### [YOUR INSTRUCTIONS]
Leaving pictures aside, restate exactly the lines of the data below, from the first one through the line that contains "United States. Washington".

[Stored entries]
........

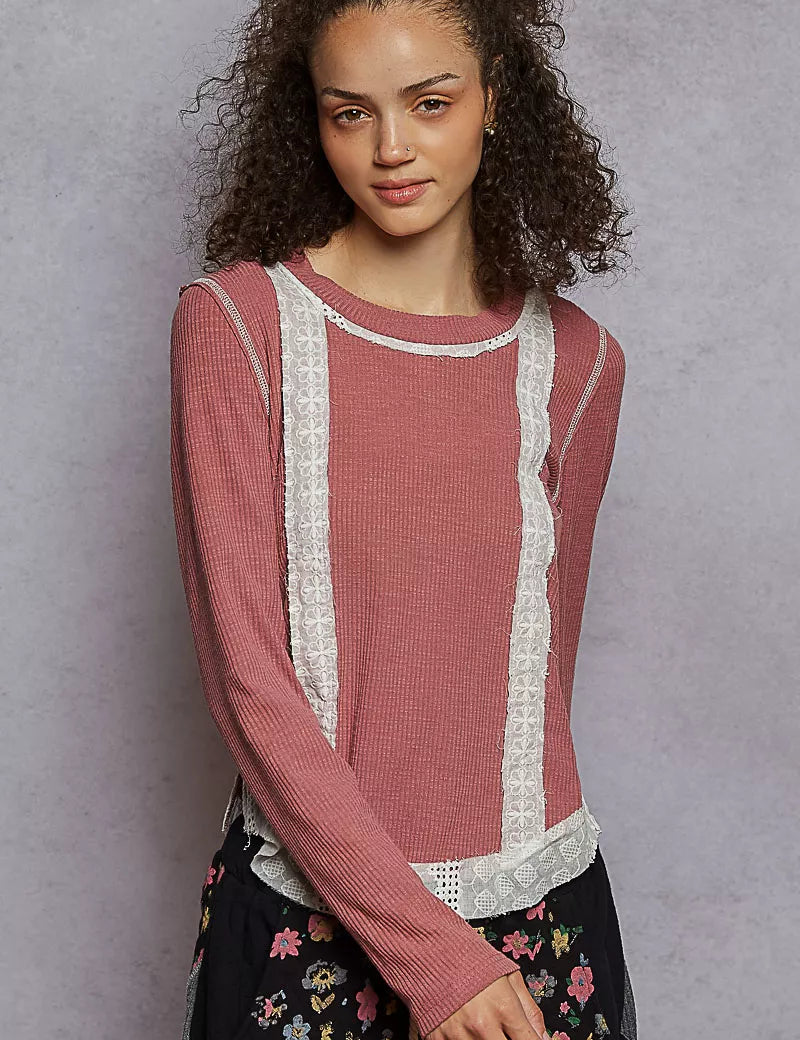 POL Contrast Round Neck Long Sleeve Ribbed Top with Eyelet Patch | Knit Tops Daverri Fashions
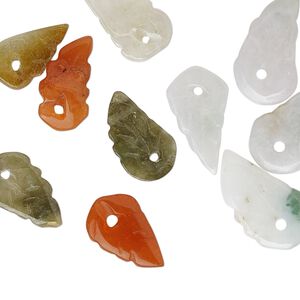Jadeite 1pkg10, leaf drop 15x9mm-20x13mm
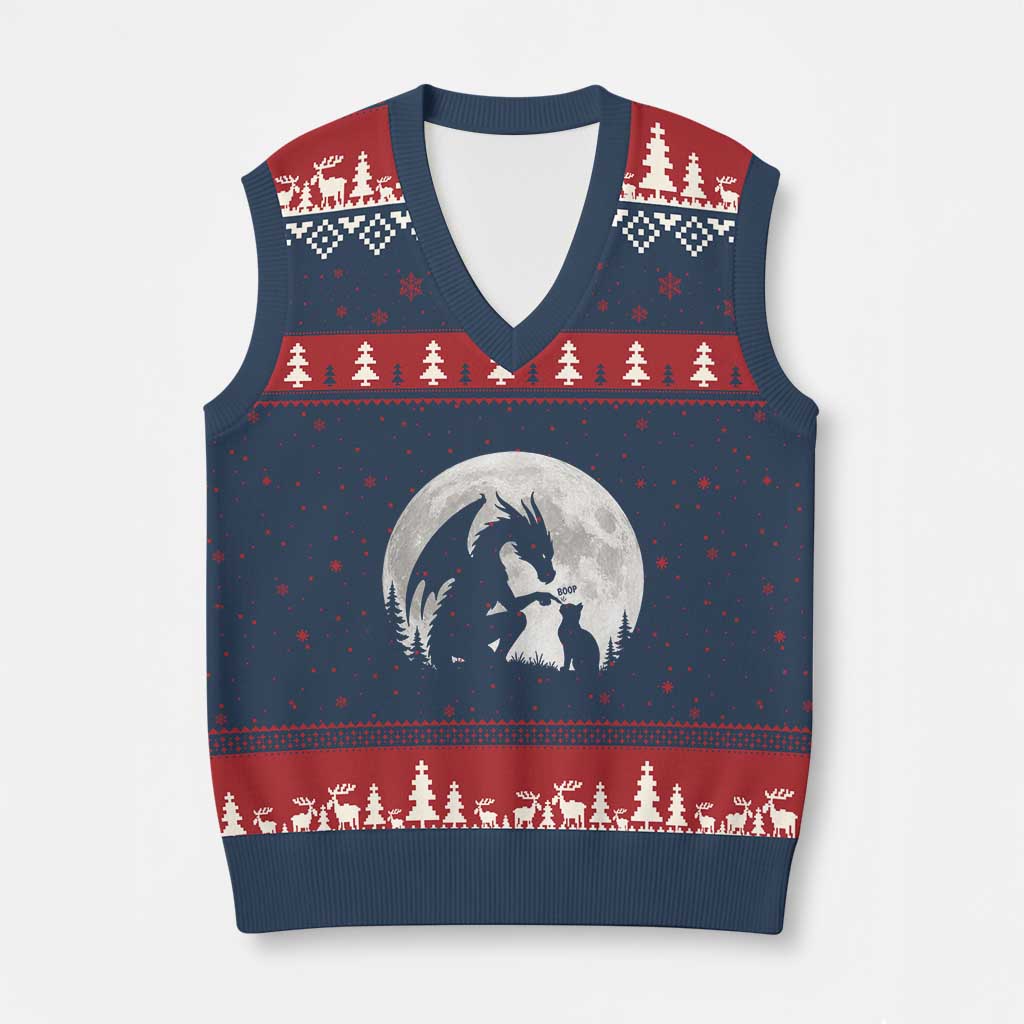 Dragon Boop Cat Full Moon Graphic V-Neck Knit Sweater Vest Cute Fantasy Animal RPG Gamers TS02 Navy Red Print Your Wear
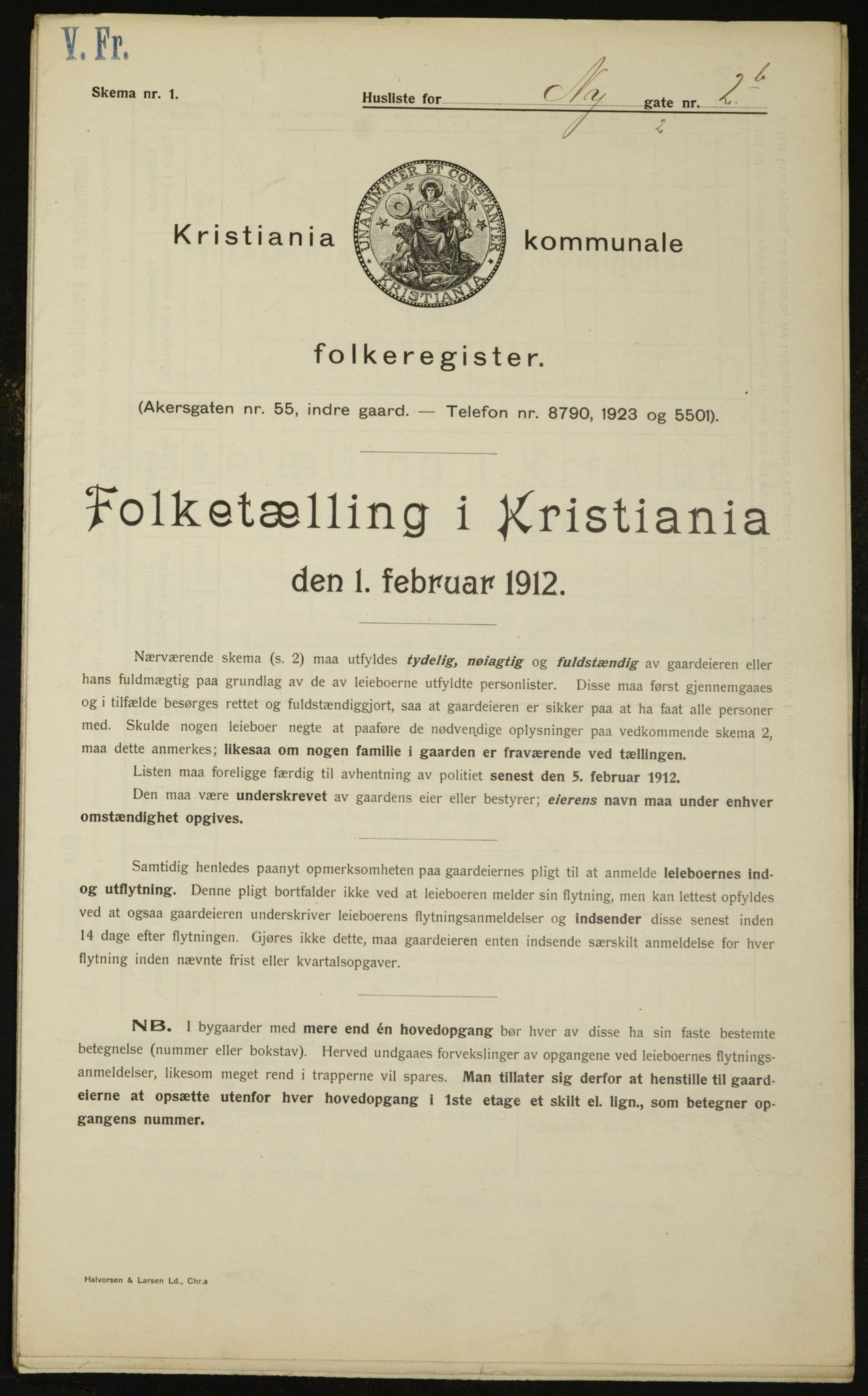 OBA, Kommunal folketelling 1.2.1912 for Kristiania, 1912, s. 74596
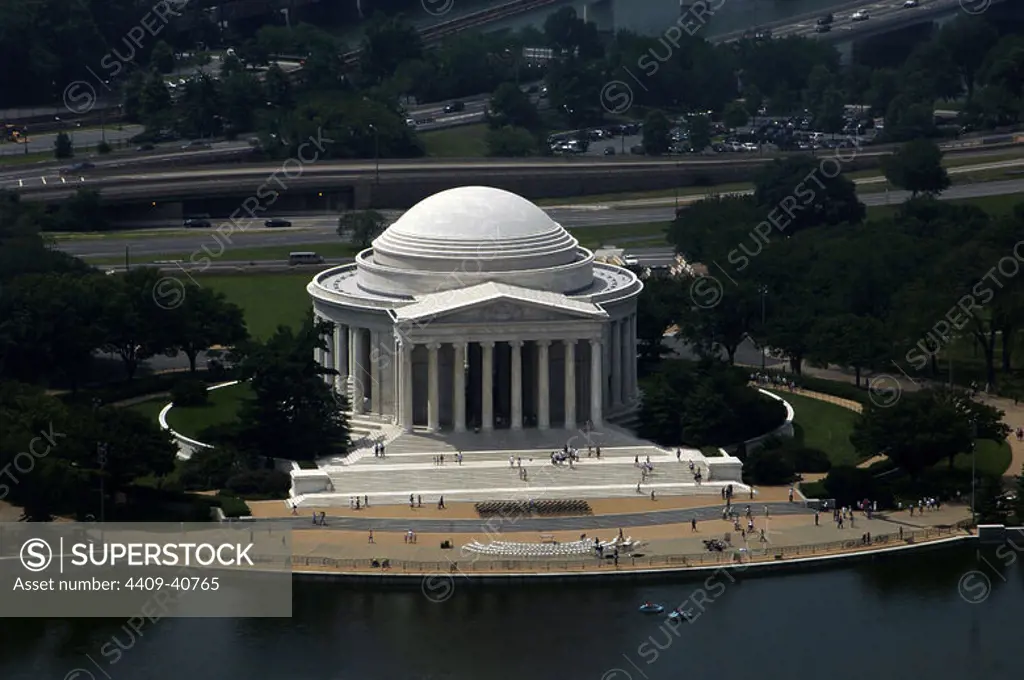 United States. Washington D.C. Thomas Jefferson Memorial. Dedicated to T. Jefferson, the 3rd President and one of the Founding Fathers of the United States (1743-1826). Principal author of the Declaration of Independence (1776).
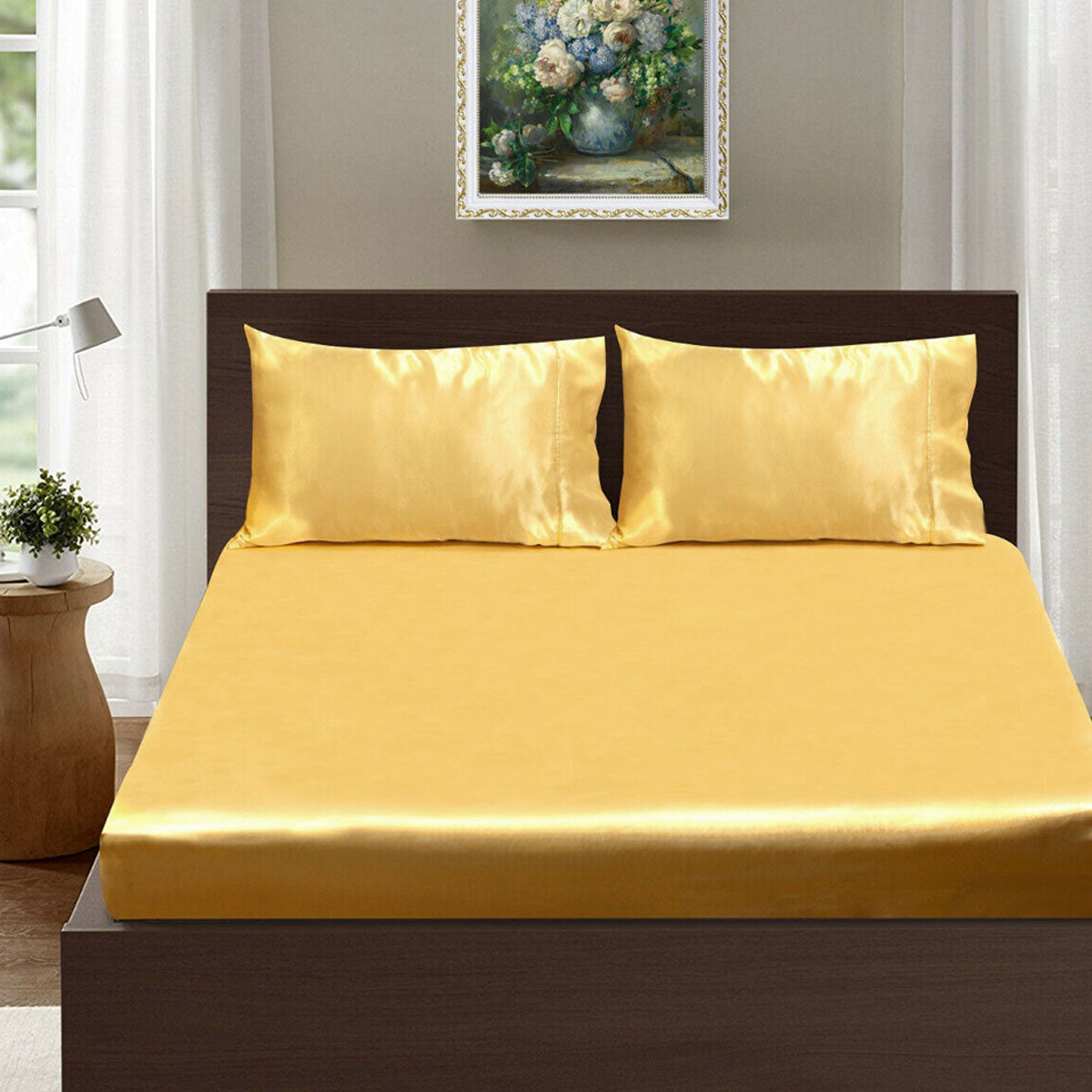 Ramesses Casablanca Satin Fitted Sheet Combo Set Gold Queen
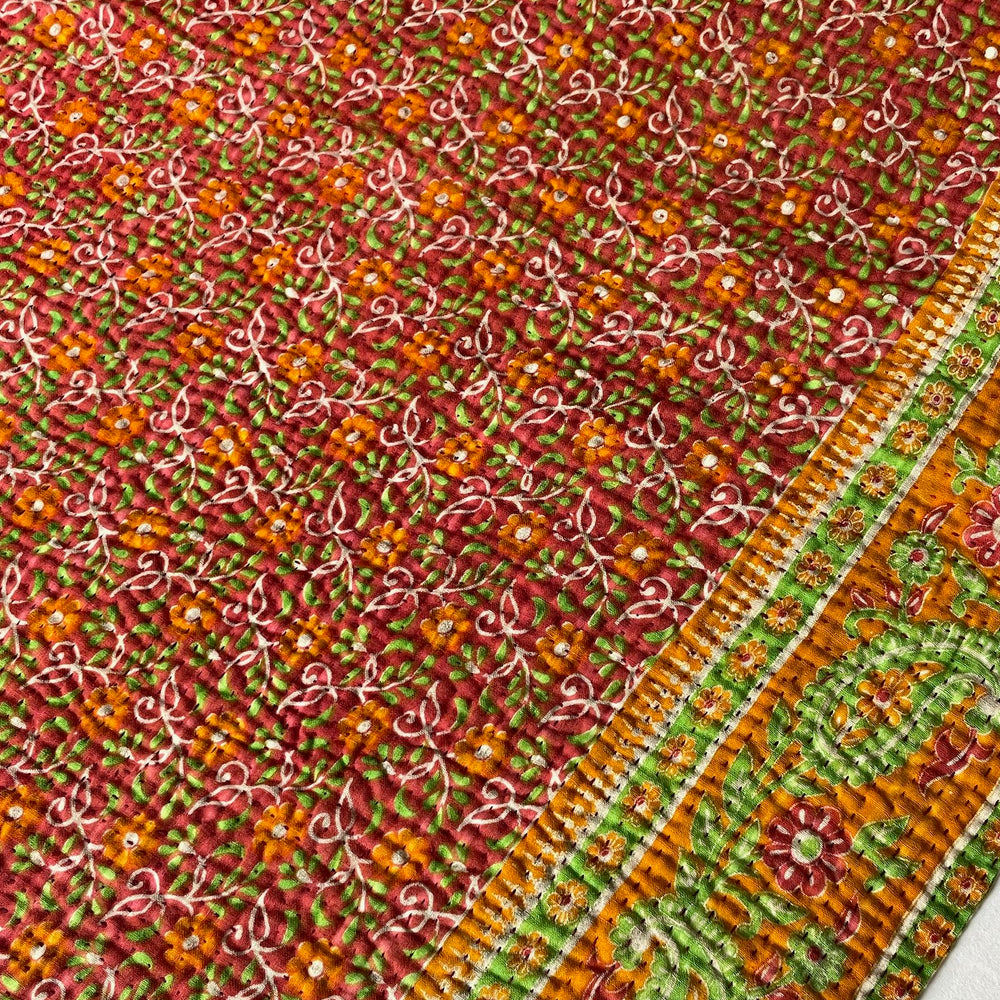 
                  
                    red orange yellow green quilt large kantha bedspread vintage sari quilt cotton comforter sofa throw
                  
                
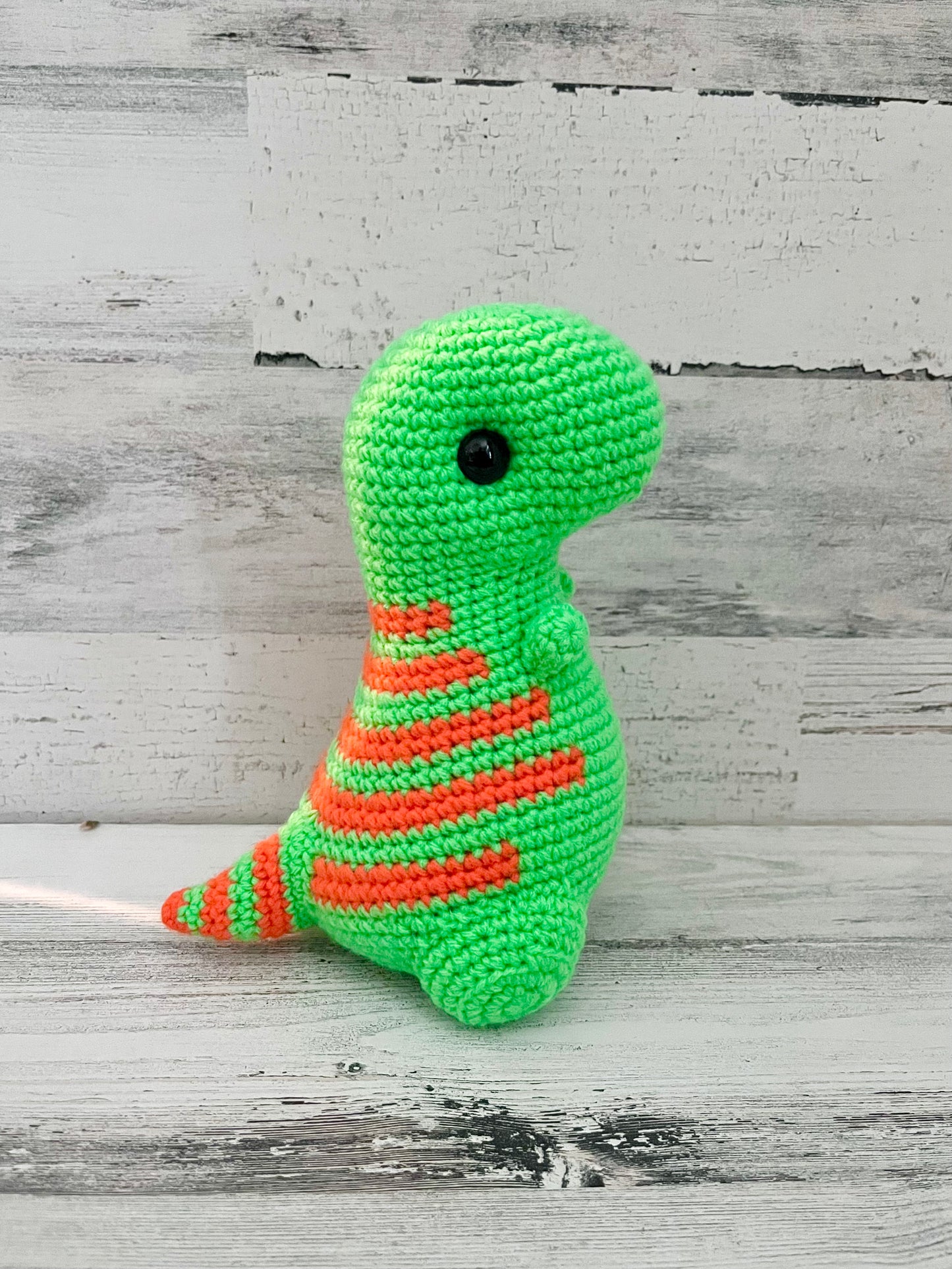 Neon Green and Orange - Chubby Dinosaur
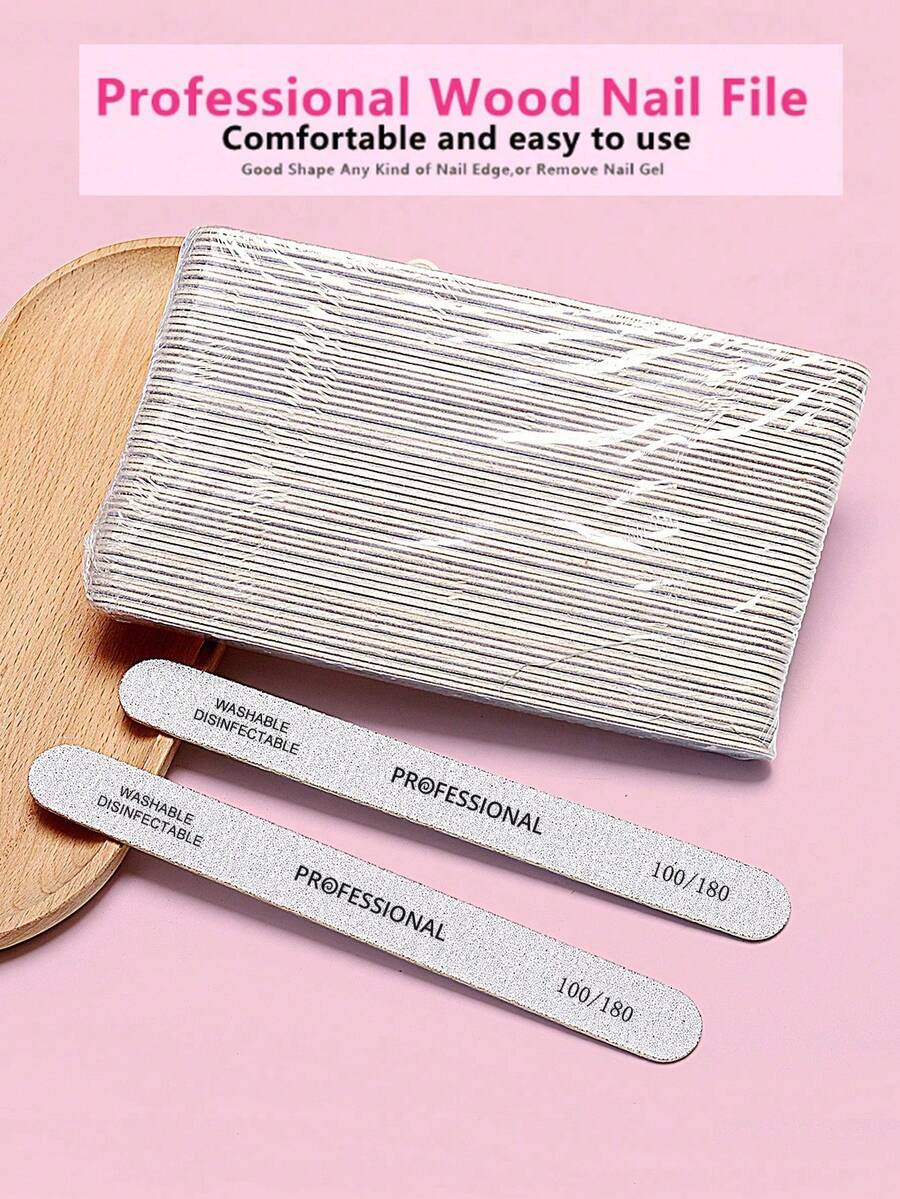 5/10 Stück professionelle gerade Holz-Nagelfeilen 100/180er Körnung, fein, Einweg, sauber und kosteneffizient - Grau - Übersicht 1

........

### [RESPONSE AREA]
 POL Contrast Round Neck Long Sleeve Ribbed Top with Eyelet Patch | Knit Tops Daverri Fashions
Jadeite 1pkg10, leaf drop 15x9mm-20x13mm
 Dragon Boop Cat Full Moon Graphic V-Neck Knit Sweater Vest Cute Fantasy Animal RPG Gamers TS02 Navy Red Print Your Wear
 OBA, Kommunal folketelling 1.2.1912 for Kristiania, 1912, s. 74596
 United States. Washington D.C. Thomas Jefferson Memorial. Dedicated to T. Jefferson, the 3rd President and one of the Founding Fathers of the United States (1743-1826). Principal author of the Declaration of Independence (1776).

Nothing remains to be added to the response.